CARAD general manager Joanna Josephs explains the wider WA community faced similar challenges due to COVID-19, but the main difference was the lack of support and assistance available to refugees.
“What little emergency relief they could access was a drop in the well of need they found themselves in,” she says.
Fleay agrees. She has watched the government systematically remove the very little support that was available to refugees and increasingly cut them off from funding. This has put pressure on non-government organisations who take donations to support these thousands of people. CARAD has seen this impact. From March 2020 the rate of referrals to their services doubled and emergency relief demand and expenditure reached record levels.
“I now have to face my destiny on my own,” Khan says. “I hope to see my family again one day.”
As Khan longs for his family to join him in Australia, even more refugees across the world remain stuck due to COVID-19, waiting to be let in . Gai Yusufu, 30, is a refugee in Kenya. Fleeing from war in the Democratic Republic of Congo he is desperately trying to get into Australia. Over the past four years he tried everything and lost hope. But after an excruciating wait, his visa is now ready. The only thing stopping him is Australia’s closed international borders. Until they reopen, he’s in limbo.



Gai Yusufu waits at a refugee camp in Kenya. Photos: Gai Yusufu.

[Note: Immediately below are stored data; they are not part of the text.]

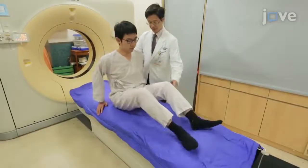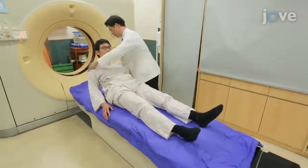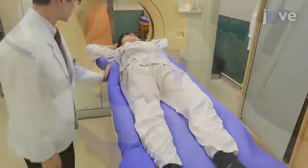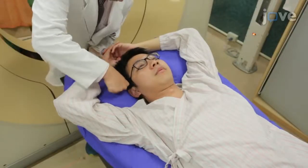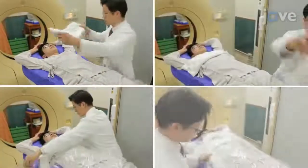To begin, place the patient in the supine position head first with the arms over the head, and secure the patient onto the couch. Make a personalized evacuated vacuum bag according to the patient's position and body shape, and cover the patient with a cover sheet.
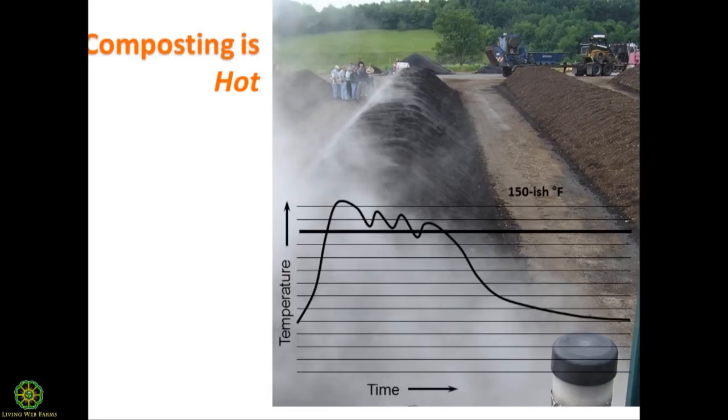Well-managed compost that's properly aerated does not generate any methane and has very minimal odor issues due to the aeration process and proper mixture of materials. Typically a commercial compost site with food scraps and yard waste or manure will see active hot pile temperatures for up to two months on one batch of material.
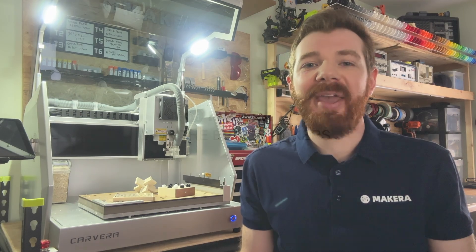Thanks for watching. We hope you share what you create with us on the official Maycara social channels, and we can't wait to see what you make.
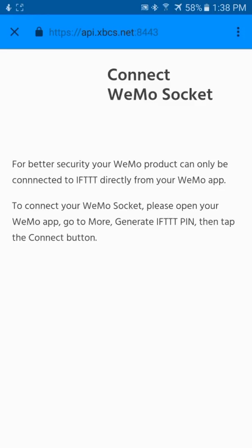Now Wemo requires that you go into the actual Wemo app on your phone and authorize third-party services such as If This Then That to be able to control your Wemo devices. So we're going to go take care of that real quick.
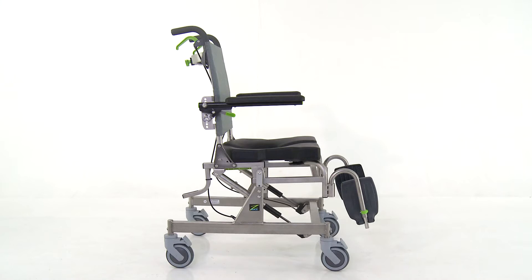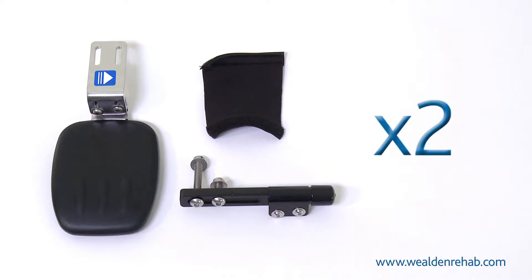The tools needed for this assembly are a spanner and an allen key. The lateral supports are supplied in pairs and are handed for left and right. Each side has a lateral support pad, a neoprene wrap, and the mechanism which comes with two bolts — one long, one short.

For Yusufu in Kenya, things are difficult. Refugees are not given any kind of support. The hundreds of tents know no social distancing. The people know of nothing but war. But waiting in Kenya is better than the alternative.
“I cannot go back to my home country because people die day and night.”
Yusufu was separated from his family during the war and hasn’t seen them since. He doesn’t know if they are still alive.
He says: “I want to get very far away from this suffering and come to Australia because I know it is a country that helps refugees.”
Prior to the COVID-19 pandemic, the refugee process to Australia was incredibly difficult for many. With programmes changing and government attitudes hardening due to COVID-19, it has become even more difficult.
Fleay says now, more than ever, is the time for amnesty and compassion. As Kahn is left waiting for his family in Australia with very little support, even more are left in dire situations elsewhere, longing to come to Australia.
“It wasn’t the case that we we are all in the same boat here,” Fleay says. “There were people who were treated pretty badly at the height of it all.”